A few miles from Wheatland is Camp Far West Reservoir, a favorite place in summer for recreation, but in fall just about deserted. We had come here to see a "T" marker showing the old route. We had seen this before and were trying to understand the trail's direction better. Following Spenceville Road towards Camp Far West reservoir, we passed this sign, a few miles east of Wheatland. It reads, "Approximately one and 1/4 miles east of this spot is the historic Johnson's Crossing..." Now we had just driven east 3 miles from Wheatland. How could Johnsons' Crossing be east of here when we read the sign in the town square that indicated it was there? If the sign is correct, Johnson's crossing was east of the Bear River. So which sign was correct? We were also a bit confused by the sign in town which mentions "Johnson's Ranch" and this latest marker that mentions "Johnson's crossing." What was Johnson's crossing?
Once at the reservoir, we spotted the "T" Marker, which indicates the direction of travel for the emigrants. The trail came down the hill and then crossed what is now an arm of water from the reservoir. We assumed the trail made a bee-line west towards Wheatland. If that's the case why did the sign on Spenceville Road indicate the "crossing" was east, somewhere below the "T" Marker? We were confused but enjoying the day of exploration. We would have to do some more research to figure out just where this Johnson's Ranch was.

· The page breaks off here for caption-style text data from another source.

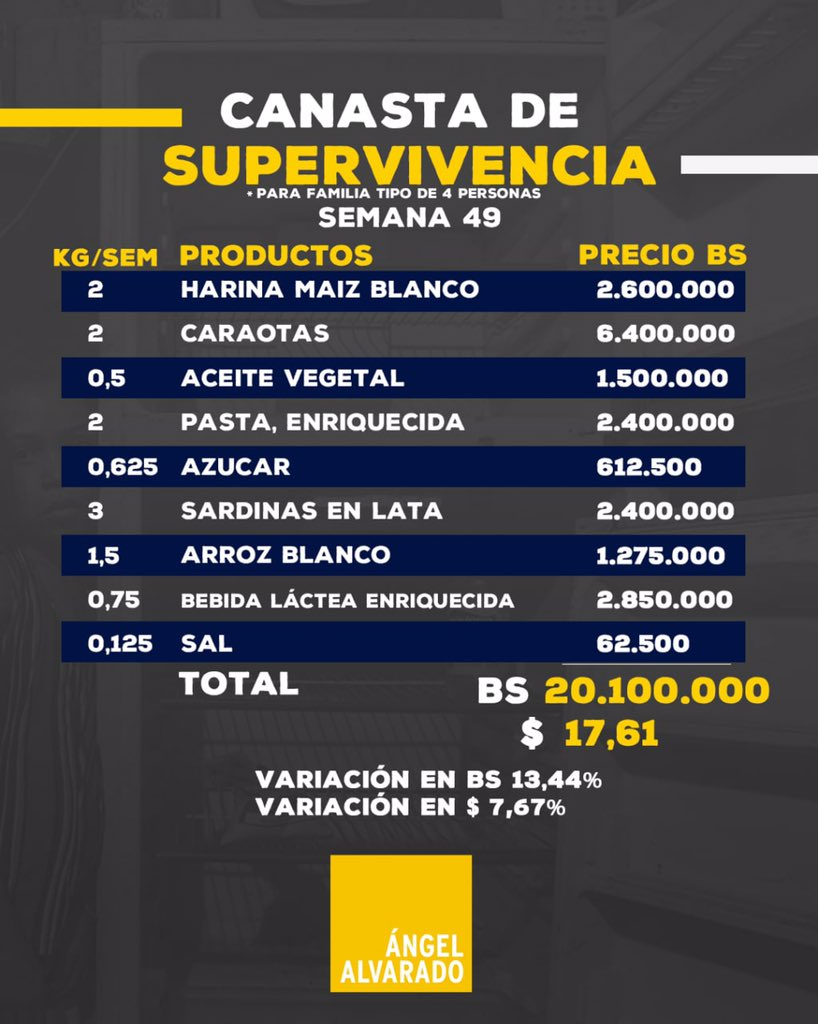 Una familia requiere US$17,61 semanales para cubrir carga calórica de supervivencia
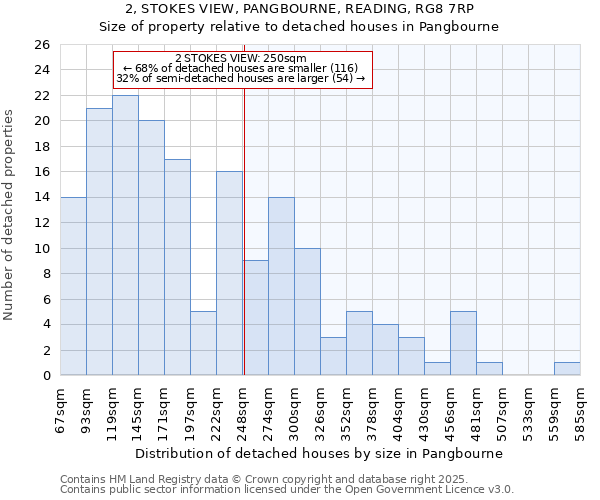 2, STOKES VIEW, PANGBOURNE, READING, RG8 7RP: Size of property relative to detached houses in Pangbourne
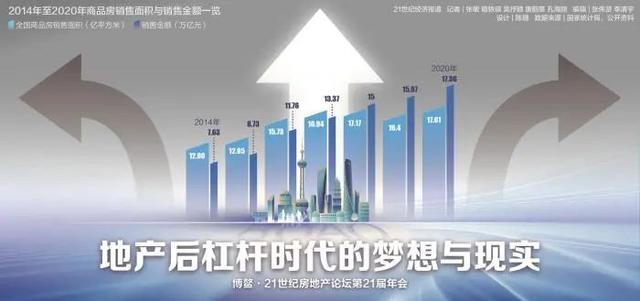 地产后杠杆时代的梦想与现实
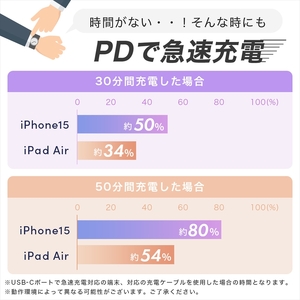 MOTTERU(モッテル) AC充電器 PD35W USB-C 1ポートUSB-A 1ポート 折りたたみ式プラグ 急速充電 PSE適合製品 2年保証(MOT-ACPD35WU1)　スモーキーブラック【
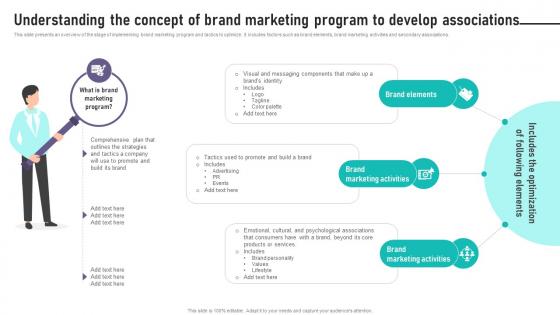 Brand Equity Management Understanding The Concept Of Brand Marketing Program Brand Equity Management Understanding The Concept Of Brand Marketing Program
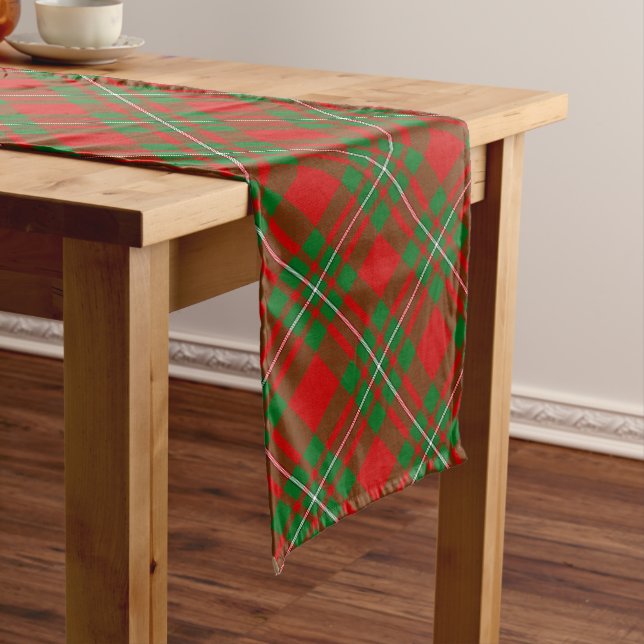 Clan Gregor Tartan Table Runner (In Situ)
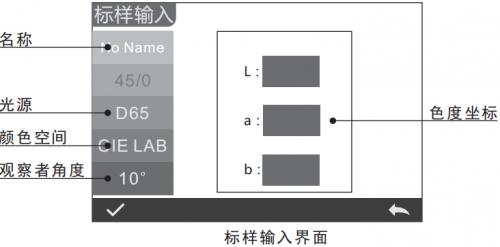 3nh色差仪怎么使用？能不能设置数值？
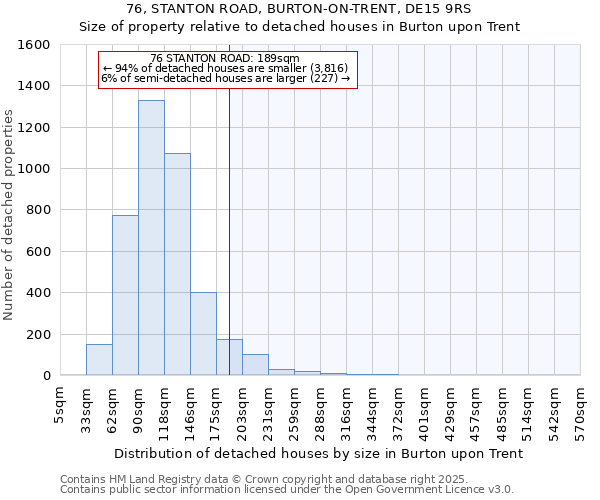 76, STANTON ROAD, BURTON-ON-TRENT, DE15 9RS: Size of property relative to detached houses houses in Burton upon Trent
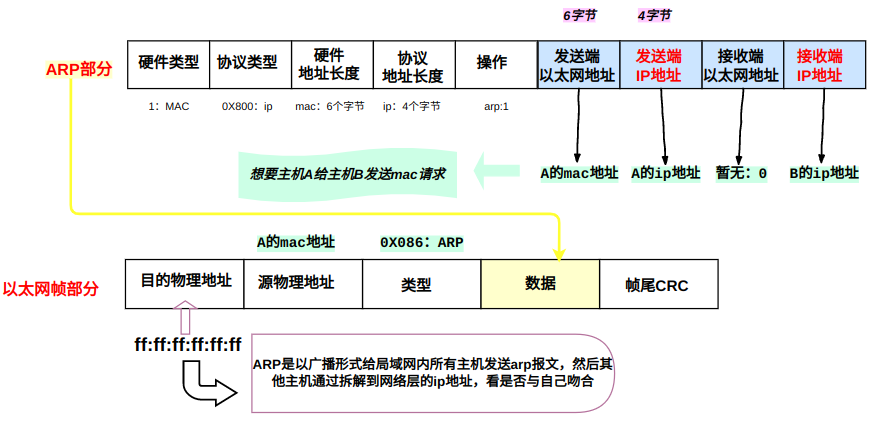 网络结构模式，协议，端口，网络模型，arp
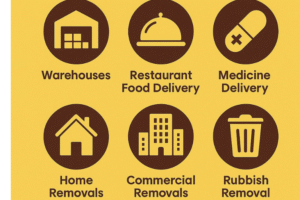 home removals services in london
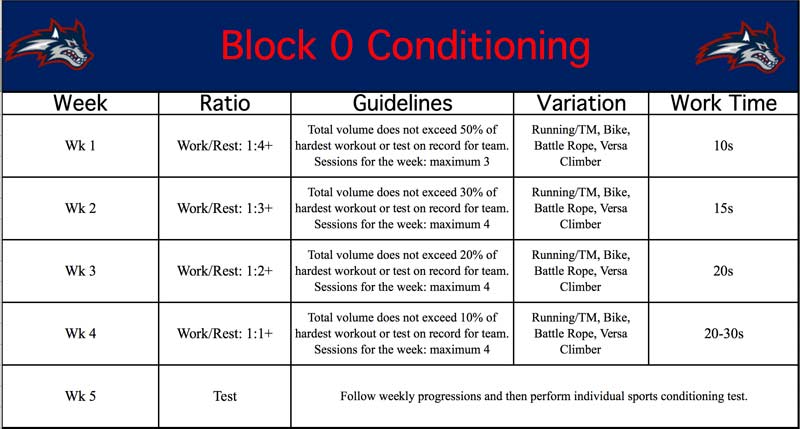 Block Zero Plyos
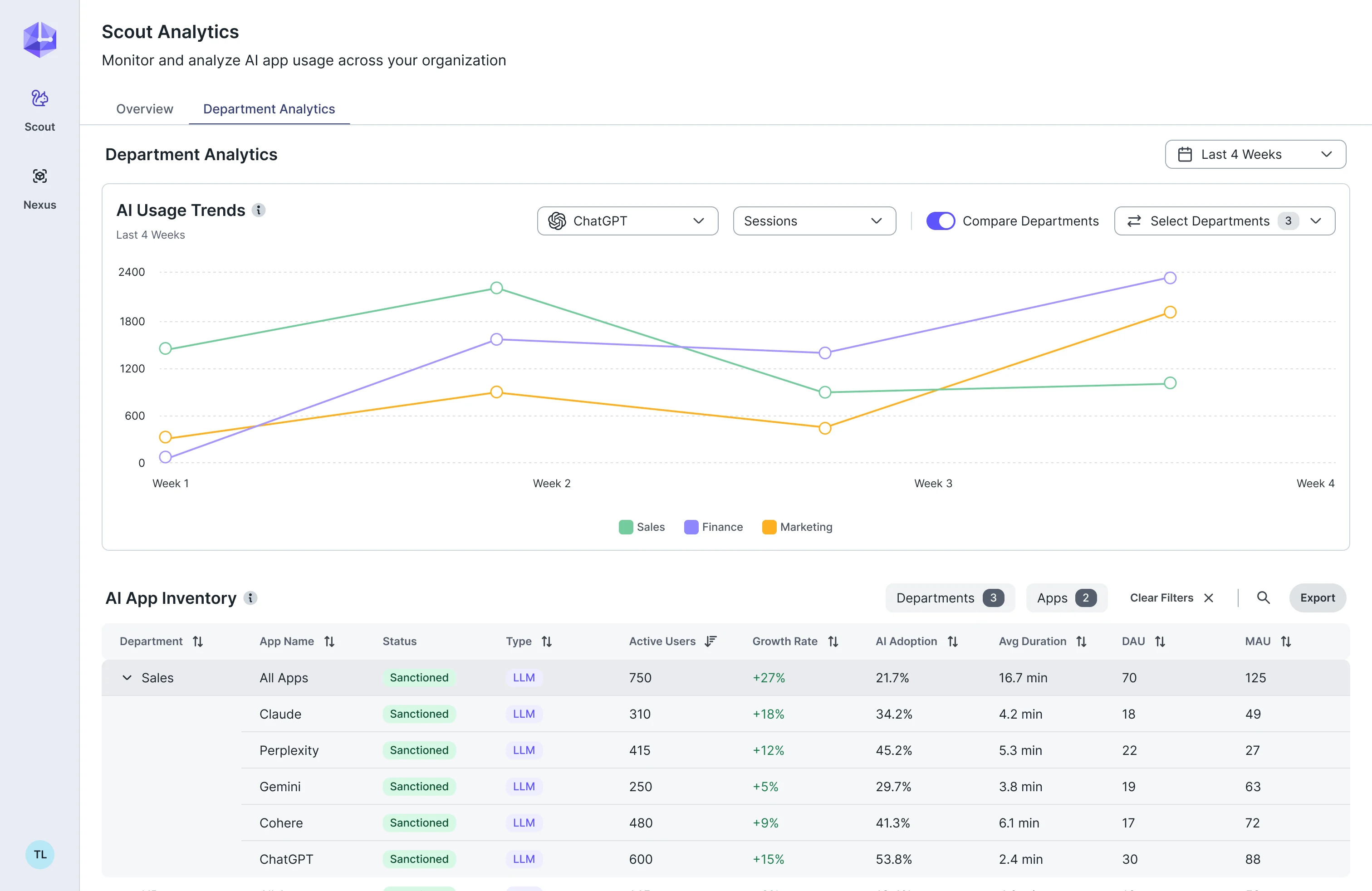 Analytics screen with a Department Analytics tab, a line chart comparing departments, and an AI App Inventory table with department, app, status, type, active users, growth rate and adoption columns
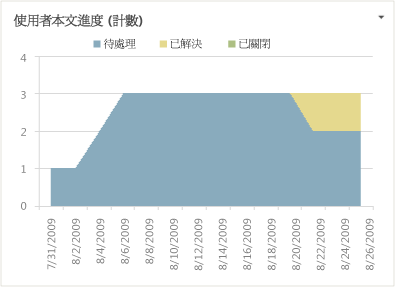 使用者劇本報表範例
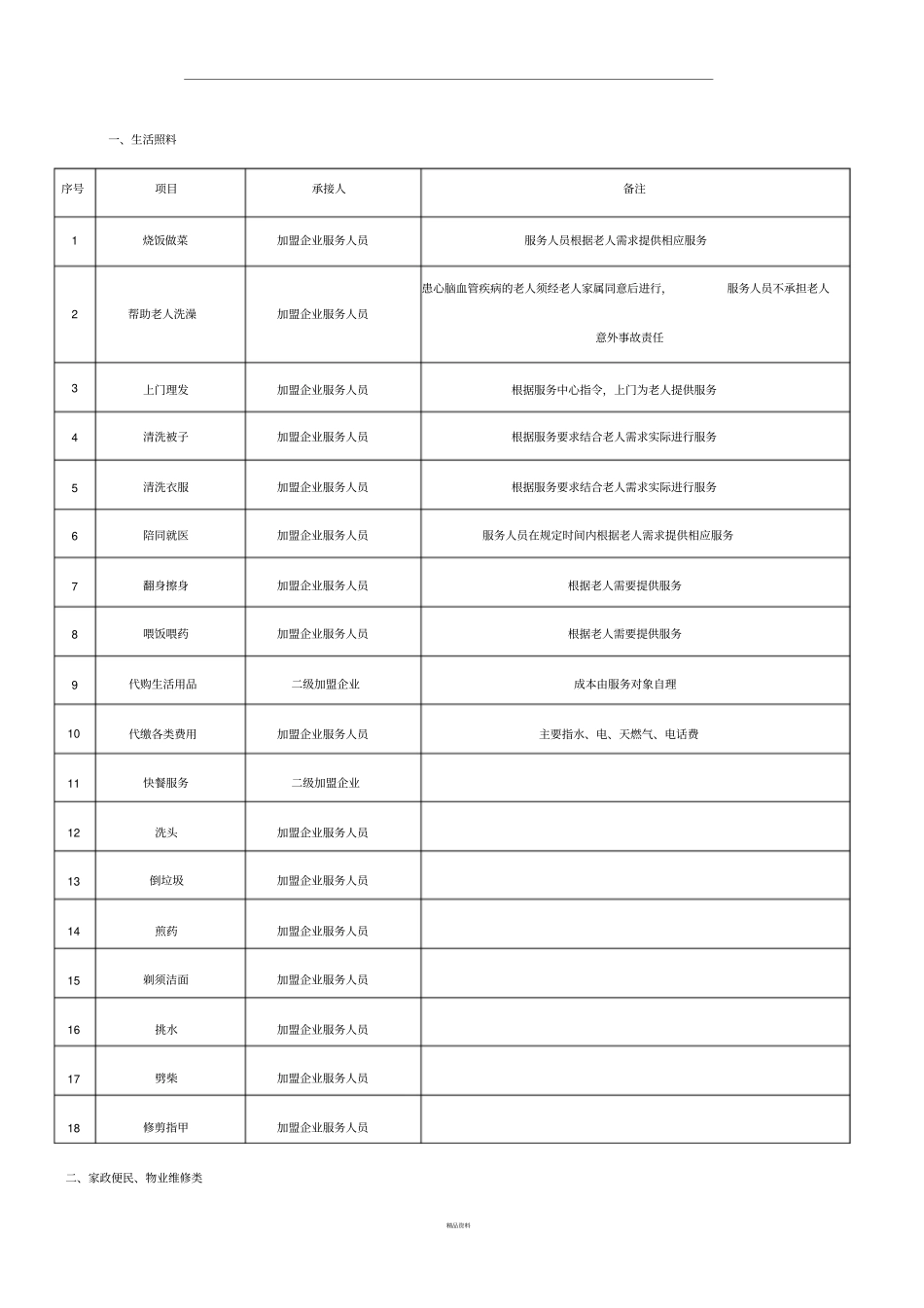 养老院服务项目细化表_第1页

At our local used bookstore, I just happened on a small book titled "The Donner Rescue Party Rescue Site, Johnson’s Ranch on Bear River," by Jack and Richard Steed. The author and his son, amateur historians like us, had also been perplexed by the actual site of Johnson's Ranch adobe. Johnson's Ranch was the place that the survivors of the Donner/ Reed Party of stranded emigrants was brought too after their rescue in The High Sierra. The book is quite fascinating and the only one we could find on Johnson's Ranch. According to the authors, the site of the adobe was lost to time until their research which placed it along the north side of the Bear River, just 1.5 miles from the town square with the historical marker. We now know that the sign in the square is merely relating that the spot it's placed was part of the 22,000-acre ranch. Not necessarily the site of the adobe home.
We will be heading back to the Wheatland area to continue our search for these historical places. We have found that sometimes the "official" version of events and locations can be incorrect. It's not often these are wrong, but enough that additional research is needed. It's after this research that the pieces sometimes come into better view. That's when we know we have found something exciting, and worth checking out again. Wheatland is one such place. The fabled "end of the trail."